Come contribute to Salsa 2022!

18 August 2022

Have you heard of the Salsa project? Salsa is a library for incremental computation – it’s used by rust-analyzer, for example, to stay responsive as you type into your IDE (we have also discussed using it in rustc, though more work is needed there). We are in the midst of a big push right now to develop and release Salsa 2022, a major new revision to the API that will make Salsa far more natural to use. I’m writing this blog post both to advertise that ongoing work and to put out a call for contribution. Salsa doesn’t yet have a large group of maintainers, and I would like to fix that. If you’ve been looking for an open source project to try and get involved in, maybe take a look at our Salsa 2022 tracking issue and see if there is an issue you’d like to tackle?

So wait, what does Salsa do?

Salsa is designed to help you build programs that respond to rapidly changing inputs. The prototypical example is a compiler, especially an IDE. You’d like to be able to do things like “jump to definition” and keep those results up-to-date even as the user is actively typing. Salsa can help you build programs that manage that.

The key way that Salsa achieves reuse is through memoization. The idea is that you define a function that does some specific computation, let’s say it has the job of parsing the input and creating the Abstract Syntax Tree (AST):

fn parse_program(input: &str) -> AST { }

Then later I have other functions that might take parts of that AST and operate on them, such as type-checking:

fn type_check(function: &AstFunction) { }

In a setup like this, I would like to have it so that when my base input changes, I do have to re-parse but I don’t necessarily have to run the type checker. For example, if the only change to my progam was to add a comment, then maybe my AST is not affected, and so I don’t need to run the type checker again. Or perhaps the AST contains many functions, and only one of them changed, so while I have to type check that function, I don’t want to type check the others. Salsa can help you manage this sort of thing automatically.

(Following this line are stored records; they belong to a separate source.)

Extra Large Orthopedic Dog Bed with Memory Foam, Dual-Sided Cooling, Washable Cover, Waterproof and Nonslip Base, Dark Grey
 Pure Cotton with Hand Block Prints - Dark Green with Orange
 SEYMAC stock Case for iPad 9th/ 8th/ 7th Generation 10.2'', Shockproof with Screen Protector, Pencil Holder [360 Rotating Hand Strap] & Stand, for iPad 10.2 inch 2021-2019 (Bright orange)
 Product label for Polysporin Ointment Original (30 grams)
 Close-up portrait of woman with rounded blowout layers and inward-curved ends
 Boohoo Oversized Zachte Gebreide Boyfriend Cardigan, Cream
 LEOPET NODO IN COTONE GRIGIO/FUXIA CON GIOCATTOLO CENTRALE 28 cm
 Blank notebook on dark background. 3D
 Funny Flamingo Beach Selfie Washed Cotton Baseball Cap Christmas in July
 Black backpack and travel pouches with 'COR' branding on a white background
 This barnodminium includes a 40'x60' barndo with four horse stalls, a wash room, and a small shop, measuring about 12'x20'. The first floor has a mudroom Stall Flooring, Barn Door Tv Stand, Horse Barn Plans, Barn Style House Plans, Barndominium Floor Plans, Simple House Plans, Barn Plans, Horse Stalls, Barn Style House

What is Salsa 2022 and how is it different?

The original salsa system was modeled very closely on the [rustc query system]. As such, it required you to structure your program entirely in terms of functions and queries that called one another. All data was passed through return values. This is a very powerful and flexible system, but it can also be kind of mind-bending sometimes to figure out how to “close the loop”, particularly if you wanted to get effective re-use, or do lazy computation.

Just looking at the parse_program function we saw before, it was defined to return a complete AST:

fn parse_program(input: &str) -> AST { }

But that AST has, internally, a lot of structure. For example, perhaps an AST looks like a set of functions:

struct Ast {
    functions: Vec<AstFunction>
}

struct AstFunction {
    name: Name,
    body: AstFunctionBody,
}

struct AstFunctionBody {
    ...
}

Under the old Salsa, changes were tracked at a pretty coarse-grained level. So if your input changed, and the content of any function body changed, then your entire AST was considered to have changed. If you were naive about it, this would mean that everything would have to be type-checked again. In order to get good reuse, you had to change the structure of your program pretty dramatically from the “natural structure” that you started with.

Enter: tracked structs

The newer Salsa introduces tracked structs, which makes this a lot easier. The idea is that you can label a struct as tracked, and now its fields become managed by the database:

#[salsa::tracked]
struct AstFunction {
    name: Name,
    body: AstFunctionBody,
}

When a struct is declared as tracked, then we also track accesses to its fields. This means that if the parser produces the same set of functions, then its output is considered not to have changed, even if the function bodies are different. When the type checker reads the function body, we’ll track that read independently. So if just one function has changed, only that function will be type checked again.

Goal: relatively natural

The goal of Salsa 2022 is that you should be able to convert a program to use Salsa without dramatically restructuring it. It should still feel quite similar to the ’natural structure’ that you would have used if you didn’t care about incremental reuse.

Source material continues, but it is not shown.